Try as I might, I can't remember any mocking of Turing in the Cryptonomicon.
I'm quite confident Neal Stephenson is not a homophobe.

------
grey-area
Excession by Ian M Banks - sentient AIs managing an advanced civilisation run
into something they don't understand (an unusual occurrence which piques their
interest). Funny, subtle, and provocative by turns, it is one of his better
sci-fi novels, and far above much of the genre in plot and character.

------
jcla1
Of course this isn't a science fiction book, it's all real ;-) But mine would
definitely be THHGTTG (The Hitchhiker's Guide to the Galaxy)

------
lsiebert
Hmm... Favorite is hard. Maybe Cryptonomicon Because it was funny, meditative,
and the research into WWII crypto was interesting. Or Maybe Stranger in a
Strange Land, for the insights into correct action, the nature of humor, love,
and understanding, and for giving us 'grok'. Or Maybe the Illuminatus Trilogy,
for crazy awesomeness insight into the 1970's. I've loaned out all three, and
I couldn't consider a book a favorite unless I'd tried to get people to read
it.

------
bergdaemon
It's a tie between two strange books.

Alfred Bester's _The Stars My Destination_: It's deeply flawed, wackily 1950s,
has ridiculous tech, and is one of the most entertaining books I have read.

Stanislaw Lem's _Solaris_: Strange, dry, bordering on boring, breaks every
single law about overusing exposition I can think of...and somehow turns that
into a riveting meditation on the nature of guilt and consciousness.

------
jfaucett
I like a lot of Philip K Dicks stuff, "Do androids dream of electric sheep?"
Also I really enjoy Jules Verne and H.G. Wells and dipping into the 19th
century industrial revolution scifi that their works entail. If I had to pick
a favorite though it would be Enders Game by Orsen Scott Card, although I
haven't read it since I was a kid but I remember then I found it amazing.

------
Androgeny
This Island Earth - an early example of the use of a puzzle (meritocratic
choice)to determine an intelligent protagonist as well as a defense against
being mathematically expendable. Though the movie bombed, the book and its
themes still resonate.

------
bdunbar
A Deepness in the Sky, Vernor Vinge.

Because 'unix epoch' is why. Also: it feels like a future where the details
are right, but largely hidden unless needed.
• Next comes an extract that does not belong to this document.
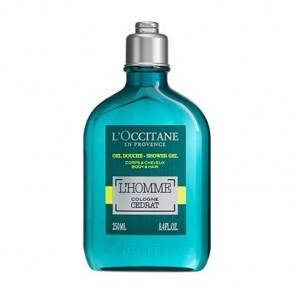 L'Occitane en Provence gel douche corps & cheveux l'homme cologne cédrat 250ml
Star Fraction, Ken MacLeod.

A romping good read, is why.

------
S4M
Thanks for posting this thread, I can see in the other comments lots of books
that I now want to read.

For me I don't have a one favorite book, but my take would be:

\- 1984 from Orwell

\- the Foundation series, from Isaac Asimov (and basically, in my taste any
book from Asimov has some good chances to be good)

\- Hyperion, from Dan Simmons (a good scifi writer as well).

------
architgupta
I enjoyed reading "Rainbows End" by Vernor Vinge. Its exploration of evolution
of wearable devices is something I enjoyed a lot.

------
aorshan
Ender's Shadow. Most people will tell you their favorite was Ender's Game, but
for some reason I've always had a much stronger attachment to Shadow. Maybe
it's because I read Shadow first, but more likely it's because I identify with
the protagonist Bean more than I do with Ender.

------
nekopa
This may seem strange, but I have to recommend the baroque trilogy by Neal
Stephenson. It made me imagine how scifi would have looked like in the 1600s.

------
Rust
Hitchhiker's Guide to the Galaxy first, and Nightfall (both the short story
and the later novelization) second.

------
hiddenstage
Jurassic Park - Michael Crichton

Really, anything by Michael Crichton.

------
google-1
Snow Crash, cyberpunk fun.

------
lewisgodowski
Ender's Game - Orson Scott Card

Snow Crash - Neal Stephenson

------
infinii
another vote for Snow Crash